TRY IT:
Repeat the listing word for word. Leave every picture out.
EXERCISE DATA Start Marker
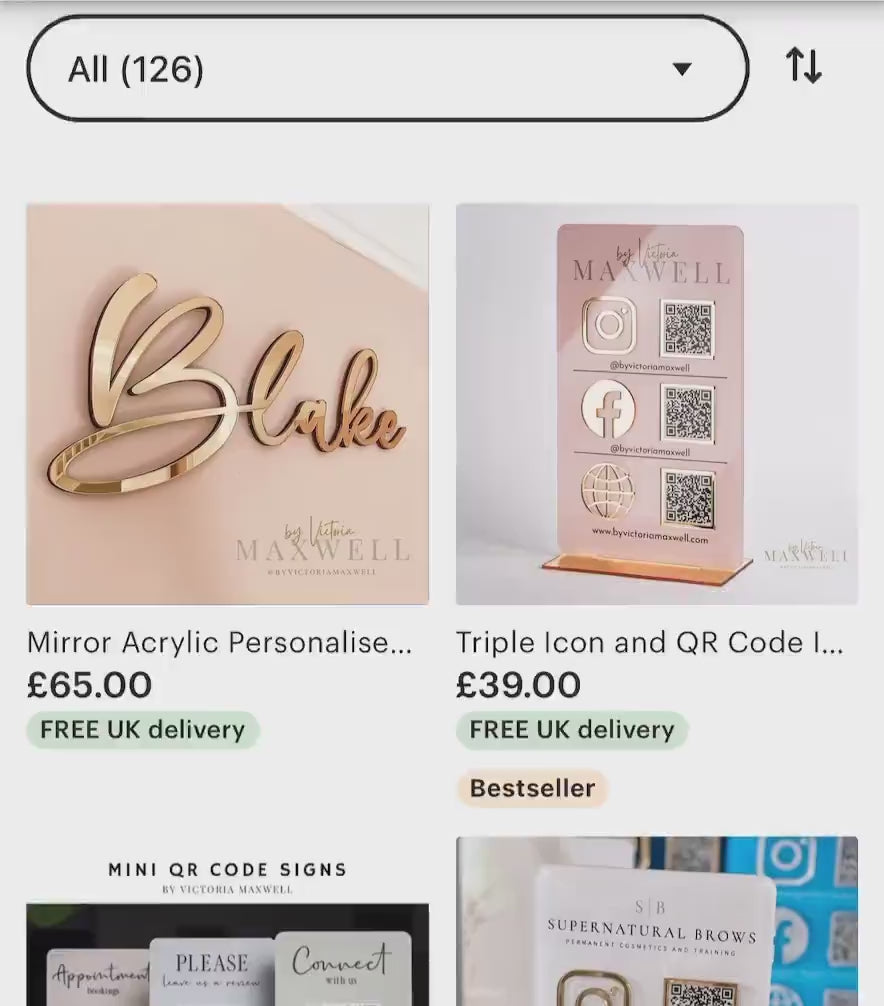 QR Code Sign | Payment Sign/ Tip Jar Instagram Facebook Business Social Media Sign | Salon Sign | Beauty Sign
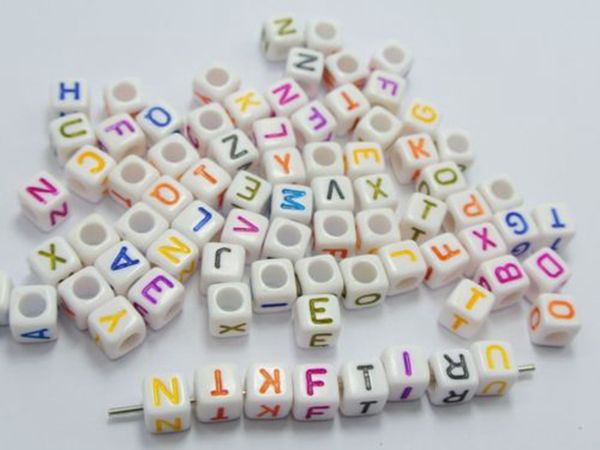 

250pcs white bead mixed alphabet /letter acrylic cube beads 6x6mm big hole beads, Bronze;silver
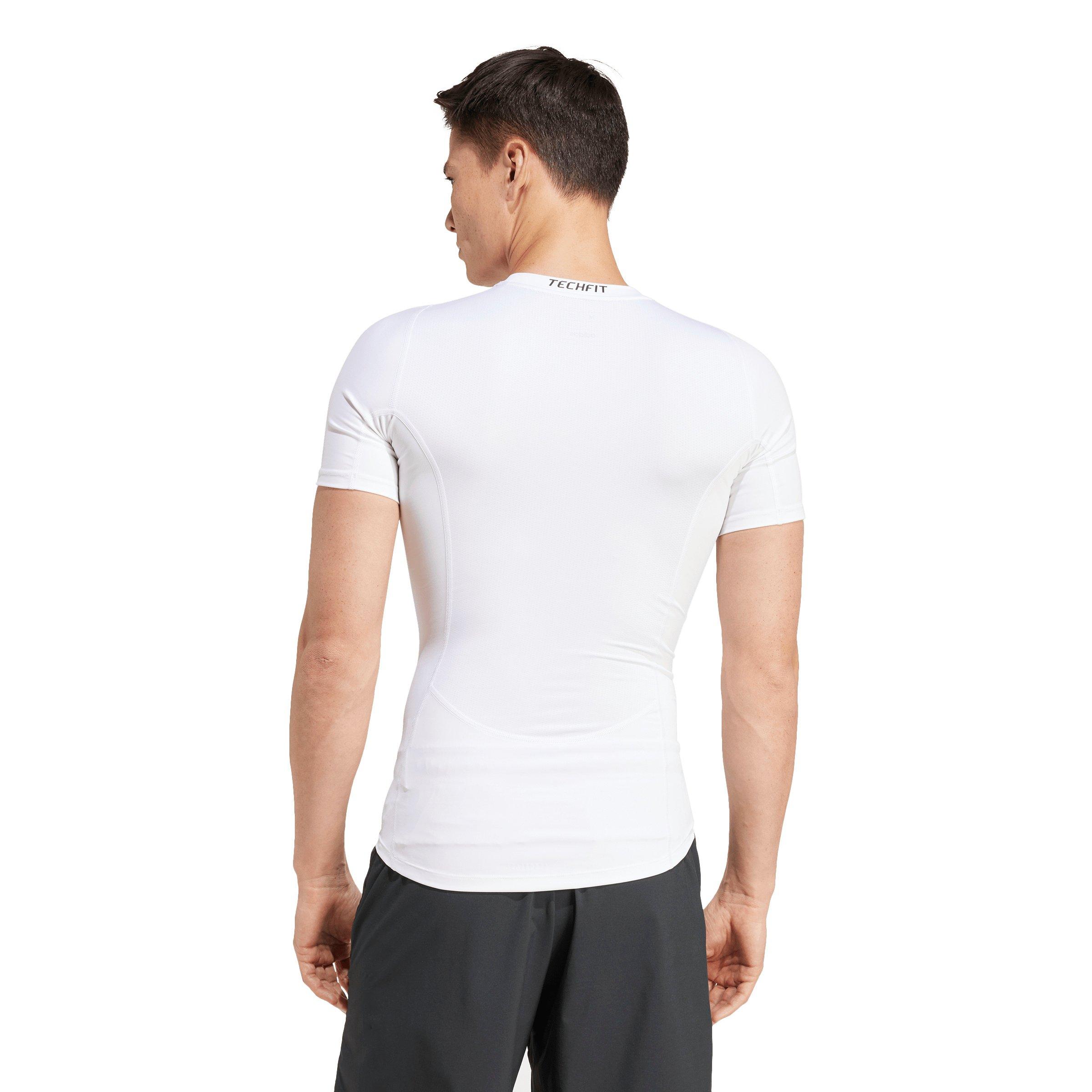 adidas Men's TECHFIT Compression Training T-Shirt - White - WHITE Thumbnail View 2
EXERCISE DATA End Marker
SOLUTION FOR THIS EXERCISE:
 QR Code Sign | Payment Sign/ Tip Jar Instagram Facebook Business Social Media Sign | Salon Sign | Beauty Sign

250pcs white bead mixed alphabet /letter acrylic cube beads 6x6mm big hole beads, Bronze;silver
 adidas Men's TECHFIT Compression Training T-Shirt - White - WHITE Thumbnail View 2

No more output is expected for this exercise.